# 'problems printing BLACK on Epson WF 7010 with J-Teck Sublimation Ink



## tmventures1121 (Feb 16, 2015)

Hey everyone 

My setup:
Epson WF 7010 with J-Teck Sublimation Ink. CIS system installed. I use GIMP software to design and print my images. I have an ICC profile installed for this printer that was given to me from J-Teck. The color prints very well. Black on the other hand....

I haven't had any issues printing with my black color until last night. I successfully printed 2 images (the entire image is black), and then the third image (black) started to fade at the end of the print, as if fading away. (I panicked - oh no!) I then tried to print a 4th image (also in all black), and it did not print much at all - very light marks where the ink would be. 
There is ink in all of the color wells, but they could use some topping off. All of the ink lines are colored - I don't see any apparent gaps in the tubes or air getting in there, but I haven't done a Purge check yet on the print head. I will do that next. 

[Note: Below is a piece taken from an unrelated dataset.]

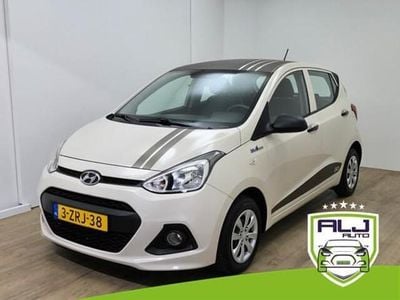 Hatchback Gebruikt 2016 Hyundai i10 Hatchback | € 6.992 (Eerlijke prijs)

Is there anything easy off the top of your head that I'm missing? I performed head cleaning last night and did some nozzle checks, I also did some print head alignment. The color is coming out AWESOME - solid, not streaks or smears, but the black sometimes prints with lines through it, or comes out kind of light/gray color -- definitely not a deep and dark black. It wouldn't print black at all last night. I slept on it and tried again this morning. It printed, but came out looking Gray - very light. 

If you have any quick tips you could send, I would greatly appreciate it! 

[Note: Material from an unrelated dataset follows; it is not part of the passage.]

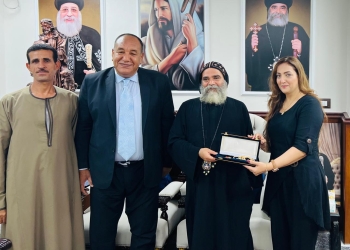 "الشعب الجمهورى" يزور مطرانية نجع حمادى 19 - جريدة المساء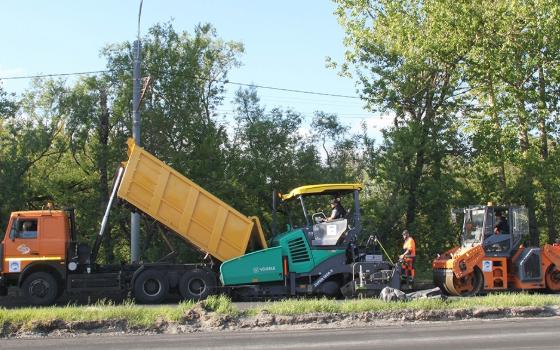 Слой тощего бетона уложили рабочие на проспекте Московском в Брянске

See attached pics of my setup and printer:

http://www.t-shirtforums.com/members/tmventures1121-albums-my-epson-7010-printer-hpn-heat-press-picture11377-under-printer-head-black-ink-leakage-normal.jpg

http://www.t-shirtforums.com/members/tmventures1121-albums-my-epson-7010-printer-hpn-heat-press-picture11369-printer-setup.jpg


----------



## bakaichi (May 1, 2007)

If i recall correctly , you should always keep you tank more than 1/3 full always.

And you can always raise your CISS tank higher off the table
WF7010 is is a very high printer. 
You dont want too much negative pressure pulling the ink back down to the ciss tank due to gravity.

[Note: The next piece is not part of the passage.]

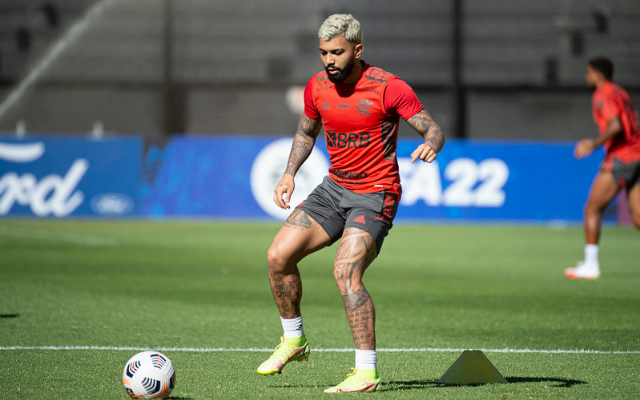 Respeito! Atitude de Gabigol chama atenção antes de treino no Uruguai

You want enough to prevent the ink form leaking out of print head, but not too much that it start to restrict the direction of ink flow.


I raise my about 4 inch off the table surface

Not sure if my info will help, but you can give it a try


----------



## mgparrish (Jul 9, 2005)

tmventures1121 said:


> Hey everyone
> 
> My setup:
> Epson WF 7010 with J-Teck Sublimation Ink. CIS system installed. I use GIMP software to design and print my images. I have an ICC profile installed for this printer that was given to me from J-Teck. The color prints very well. Black on the other hand....
> ...


Adding to bakaichi's excellent advice in the previous post, make sure your system is primed properly, especially in the color channel you are having trouble.


----------



## socceronly (Jul 22, 2012)

I thought J-Teck worked on large format printers.

You can use this in the smaller desktop printers?


----------